Scraped caption text data:
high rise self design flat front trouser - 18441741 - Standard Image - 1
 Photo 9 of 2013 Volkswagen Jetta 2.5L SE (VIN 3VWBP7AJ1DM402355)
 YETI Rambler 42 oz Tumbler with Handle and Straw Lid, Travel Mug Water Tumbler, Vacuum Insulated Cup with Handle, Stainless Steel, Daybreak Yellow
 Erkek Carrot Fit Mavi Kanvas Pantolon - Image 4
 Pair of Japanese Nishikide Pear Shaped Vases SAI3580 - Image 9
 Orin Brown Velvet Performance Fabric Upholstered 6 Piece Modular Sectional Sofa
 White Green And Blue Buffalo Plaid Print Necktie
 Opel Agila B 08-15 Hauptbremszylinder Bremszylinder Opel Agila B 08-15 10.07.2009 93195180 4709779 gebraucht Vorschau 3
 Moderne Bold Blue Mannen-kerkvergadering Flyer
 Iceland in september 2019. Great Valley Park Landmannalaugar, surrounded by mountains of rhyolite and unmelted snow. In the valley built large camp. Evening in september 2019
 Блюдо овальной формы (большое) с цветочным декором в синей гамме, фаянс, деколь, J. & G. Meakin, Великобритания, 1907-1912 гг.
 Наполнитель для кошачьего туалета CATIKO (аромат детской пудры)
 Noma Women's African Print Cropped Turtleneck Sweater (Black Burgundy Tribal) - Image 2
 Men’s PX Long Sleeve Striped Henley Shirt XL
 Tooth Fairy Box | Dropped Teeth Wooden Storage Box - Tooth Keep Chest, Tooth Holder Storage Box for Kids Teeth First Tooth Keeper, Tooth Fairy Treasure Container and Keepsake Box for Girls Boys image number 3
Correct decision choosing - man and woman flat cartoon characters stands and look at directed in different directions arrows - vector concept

▶ **WORK TASK**
Repeat every line exactly, starting with the first line of the entries, and stop once the line containing "Opel Agila B 08-15 Hauptbremszylinder" has been given.

▶ **EXERCISE OUTPUT**
high rise self design flat front trouser - 18441741 - Standard Image - 1
 Photo 9 of 2013 Volkswagen Jetta 2.5L SE (VIN 3VWBP7AJ1DM402355)
 YETI Rambler 42 oz Tumbler with Handle and Straw Lid, Travel Mug Water Tumbler, Vacuum Insulated Cup with Handle, Stainless Steel, Daybreak Yellow
 Erkek Carrot Fit Mavi Kanvas Pantolon - Image 4
 Pair of Japanese Nishikide Pear Shaped Vases SAI3580 - Image 9
 Orin Brown Velvet Performance Fabric Upholstered 6 Piece Modular Sectional Sofa
 White Green And Blue Buffalo Plaid Print Necktie
 Opel Agila B 08-15 Hauptbremszylinder Bremszylinder Opel Agila B 08-15 10.07.2009 93195180 4709779 gebraucht Vorschau 3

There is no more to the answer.